PCP-ML

Protein Characterization Package for Machine Learning

Functionality

Characterizers and Encoders

AtchelyFactors

Characterizes five major aspects of an amino acid with real number values. The values were obtained via a statistical analysis of amino acids when looking at polarity (Factor 1), secondary structure (Factor 2), molecular size (Factor 3), amino acid composition (Factor 4) and charge (Factor 5). These values were reported in Atchely et al, PNAS, doi: 10.1073/pnas.0408677102

InterfaceContactPotentials

Characterizes contact potential between two residues. These contact potentials come from a statistical analysis performed on contacts in protein interfaces. They were reported in Glaser et al., Protiens, Vol. 43:2 p89-1021.

BetaContactPotentials

Characterizes the contact potential for two residues in two beta sheets. These values come from a study of contact potentials of residues in cross strand pairings in beta sheets. They were reported in Zhu et al, Protein Science, PMCID: PMC2144259

SSComposition

Determine the percentage of each secondary structure (SS) type in a string representing the SS.

SAComposition

Determine the percentage of solvent accessibility for a string representing the SA.

AAComposition

Determine the percentage of each amino acid in a protein sequence.

Hydrophobicity

Characterizes the hydrophobicity of a residue. These values come from a study on hydrophobicity and helical propensity.

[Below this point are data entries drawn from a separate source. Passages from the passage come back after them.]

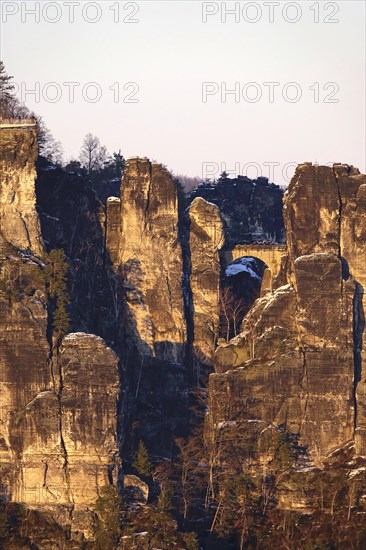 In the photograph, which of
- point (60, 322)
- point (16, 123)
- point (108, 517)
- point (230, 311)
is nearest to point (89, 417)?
point (60, 322)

Cite Monera et al, Journal of Peptide Science, Vol 1(5), pg 319-329. They are scaled by a factor of 100.

CalculateEntropy

Calculates the Shannon entropy for a vector of probabilities.

CalculateR

Calculates the Pearson correlation coefficient for two vectors.

CalculateCosine

Calculates the cosine between two vectors.

ScaledOrderMean

Calculates the nth ordered mean.

HotEncodeAA

Generate a hot encoding for an amino acid . This encoding is a 20 bit hot encoding where each amino acid is represented by a bit in the 20 bit encoding vector. Only the bit representing the amino acid will be set to one and all others will be zero.

HotEncodeSS

Generate a hot encoding for secondary structure type. The following encoding is used: 100 - H 010 - E 001 - C

HotEncodeSA

Generate a hot encoding for solvent accessibility. The following encoding is used: 01 - b 10 - e.

Parsers

ParseFastaSequences

Parse out sequence headers and contents from a FASTA sequence file.

ParseSSPro

Parse out the secondary structure and solvent accessibility from a SSPro prediction file.

ParsePSIPred

Parse out the secondary structure (H, E, or C) from a PSIPred HFORMAT V3.3 prediction file.

ParseAsciiPSSM

Extract position counts and information score from an ASCII PSSM.

ParseAnchoredMSA

Parse an anchored MSA file and calculate the relative frequency of each amino acid at each position. Parse an anchored multiple sequence alignment (MSA) file and determine the percentage of each amino acid or gap and a position in the MSA. The frequencies are initialized to zero. Each line is a sequence in a multiple sequence alignment.

ParseDSSPOutput

Parse out the secondary structure (H, E, or C) from a DSSP file. Unknown SS codes are set to coil(C).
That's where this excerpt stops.